Establishing himself back in England, he turned to other activities in a restless portfolio career that was regularly misunderstood throughout the twentieth century, when people expected to settle down in some already-invented niche, like a hermit-crab. Bennett, like Liszt, found that the life of the touring virtuoso was not enough on its own, and like Liszt, turned to conducting. He was the mainstay of the Philharmonic Society for many seasons. Like Mendelssohn, his musical and personal hero, he revived the music of Bach: he was founding president of the Bach Society in 1849. He was closely involved with the Great Exhibition of 1851, the London 2012 of its century.
Bennett was happy to bring his wide experience to the world of education. He was Professor of Music at Cambridge, where Charles Villiers Stanford was so indebted to his encouragement that he wrote a heart-felt personal memoir to mark Bennett’s centenary in 1916. By this time, Stanford was one of the most successful composition teachers of all time, so his appreciation has a proper weight.
Bennett also took an interest in the burgeoning movement for female education. In 1848 he became a founding director, Professor of Harmony, and teacher of the pianoforte at Queen’s College, a girls’ school in Harley Street, and he was on the Council of Bedford College, a women’s college founded in Bedford Square in London in 1849.
When the Royal Academy of Music fell on hard times, it was Bennett who rescued it, taking on the role of Principal and, for a while, Chairman as well.

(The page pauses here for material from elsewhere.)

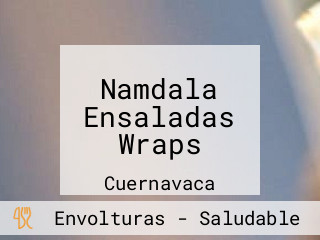 Namdala Ensaladas Wraps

It was at the Academy that he taught both Tobias Matthay – the celebrated Matthay Touch can be recognized in many reviews of Bennett’s own playing – and Arthur Sullivan, who in his later years continued to recommend his old master’s piano works to the touring virtuosi he met, long after most musicians found them old-fashioned.
Sterndale Bennett was not apparently troubled by his failure to keep up with the times, and at this date, neither need we be. His late piano sonata from 1872, three years before his death at the age of 58, was inspired by Schiller’s play The Maid of Orléans, and it’s as attractive to audiences today as the Chamber Trio of 1839 or the Sonata Duo (piano & cello) of 1852. Bennett, like Rossini, was one of those composers who did not write music compulsively all his life. Yet audience reactions to that late piano sonata show that he retained his creative powers, just as he maintained his piano playing even through his busiest years, performing his concertos, and putting together a regular series of piano recitals and chamber music concerts at the Hanover Square Rooms, London’s foremost concert hall.
Bennett’s immensely varied activities put him at the centre of innumerable networks. The dedications of his pieces, for instance, link the great pianist J.B. Cramer with Schumann. The portrait by Millais puts Bennett in the company of Darwin, Gladstone & Tennyson. And other aspects of his life remind us of how nineteenth-century Britain was connected with the wide world: his father-in-law commanded the ship that deposited Napoleon upon the Isle of Elba, and also the ship that took the first Governor-General to South Australia.
Today, Bennett is almost forgotten. Yet he could be a model of social engagement for musicians, and a key to a whole world of musical relationships. Even more important, his best music retains its power. The bicentenary of his birth offers an opportunity to put him back on the map.
In a radio lecture on Queen Victoria’s Musical Knights, who ranged from Sir Henry Bishop, the composer of Home, sweet home, to Sir Arthur Sullivan, John Betjeman put Sir Sterndale Bennett, as he was known, in undisputed first place.